Data papers are published in specific data journals like Data in Brief (Elsevier) and Scientific Data (Nature), or in regular academic journals with special sections for data papers, like BMC Research Notes (Springer), GigaScience (Oxford University Press) and PLoS One. Most data papers are published on journal platforms; yet, some are (also or exclusively) published on data repository platforms [23].
Unlike usual research papers, the main purpose of data papers is to describe datasets, including the conditions and context of their acquisition and their potential utility, rather than to report and discuss results. Also, it is generally assumed that data papers are short papers with up to four pages.
In the “classical” research paradigm, the focus is on articles presenting results while research data are useful for the validation of published research findings. Data papers invert the roles, insofar the paper’s main function is to inform about and link to research data on data repositories, contributing to their findability and reusability.
Also, traditional knowledge organization makes a relatively clear distinction between research results (datasets), the analysis and discussion of these results (papers) and the description (cataloguing, abstracting and indexing) of those datasets and papers. The emerging category of data papers appears to challenge this clear distinction, interlinking datasets, papers and metadata, blurring boundaries, changing priorities and modifying the basic purpose of academic publishing.
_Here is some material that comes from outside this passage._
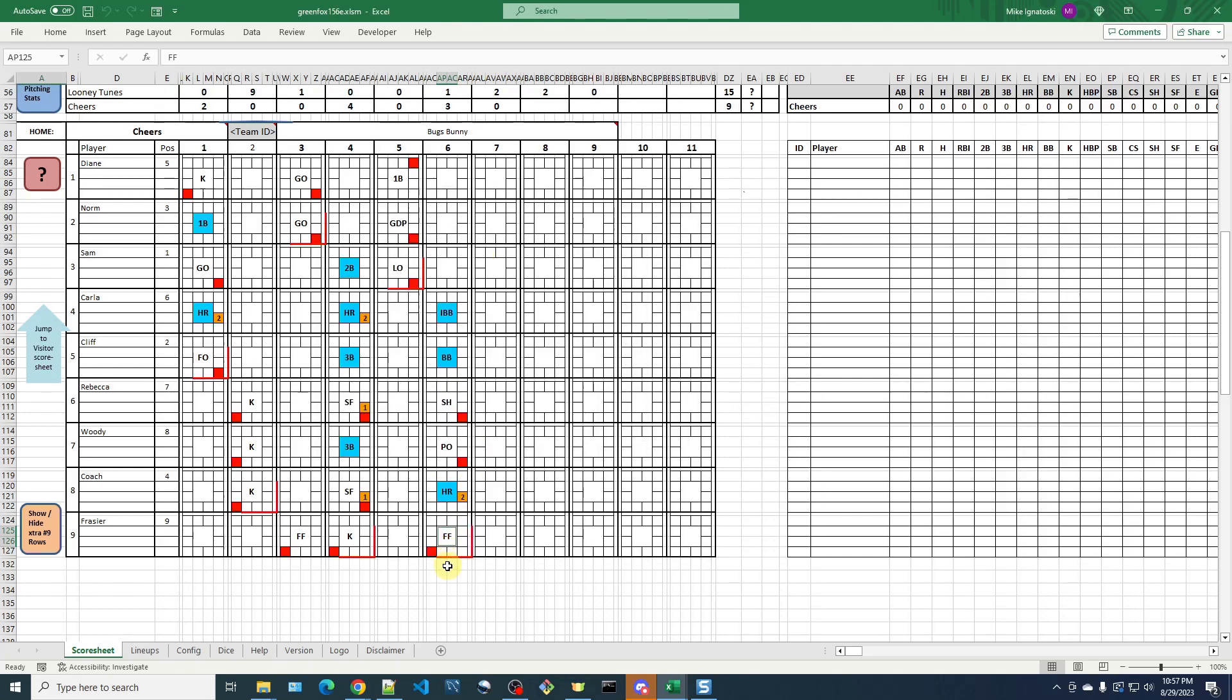And so the other thing I want to show here is that when I ended this inning the second time, it then re-evaluates the score and updates the scoreboard appropriately with these three runs that weren't there before. So that's how you can kind of erase prior results and go back and finish an inning that ended prematurely.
An increasing number of journal editors announce the launch of a new section with data papers. They put forward different objectives, even if the main purpose is similar: to inform about research data and to foster their accessibility and reuse. Three examples among others illustrate the diversity of goals:
The publisher Pensoft describes a data paper as “a scholarly journal publication whose primary purpose is to describe a dataset or a group of datasets, rather than to report a research investigation. As such, it contains facts about data, not hypotheses and arguments in support of the data, as found in a conventional research article” (Penev et al. 2012).
The term remains ambiguous. For instance, Bordelon et al. (2016) define data papers as “papers that present, analyze, or use data obtained with the respective facilities” (i.e. observatories). Pärtel (2006) consider data papers as a kind of “abstracts” that aim to collect, organize, synthesise, and document data sets of value in a given field; only the abstract appears in a data journal (or the data paper section of a regular journal) while the data and metadata are available through a field-specific data repository on the Internet. For Penev et al. (2012), their purposes are three-fold: “to provide a citable journal publication that brings scholarly credit to data publishers; to describe the data in a structured human-readable form; (and) to bring the existence of the data to the attention of the scholarly community”. At first sight, data papers, in spite of their common general purpose, appears to belong to a rather heterogeneous and dissimilar new kind of documents. Nevertheless, there are more common features with regular articles, such as the fundamental structure.
As we saw in Section 2, data papers provide other functions than just describing data sets. For this reason, data papers do not just improve the referencing of datasets on repositories but fulfil other roles. Their profile can perhaps be described in terms of library science, as an original integration (or merging) of writing, cataloguing and indexing, facing major challenges like standards and terminology. Perhaps data papers are a kind of new boundary object (Star and Griesemer 1989) on the frontline between academic publishing and data driven research. Our analysis confirms the statement that data papers are like traditional research papers in some respects but quite different in other respects (Smith 2011). Perhaps data papers are not (only) part of academic publishing but should (also) be considered and assessed as part of an relatively independent research data practice.
As already said, it is generally assumed that data papers are short texts, up to four pages. In fact, this is only partly true. In the survey from Schöpfel et al. (2019), only five journals require short papers, limited to four to six pages or maximal 3,000 words. Most journals do not limit the length of submitted papers or make the usual recommendations (six to ten pages, or maximal 6,000 words). One journal only accepts short abstracts while others publish papers well beyond the length of regular papers, up to twenty or thirty or even 100 pages, including detailed data descriptions, illustrations (figures) or data tables.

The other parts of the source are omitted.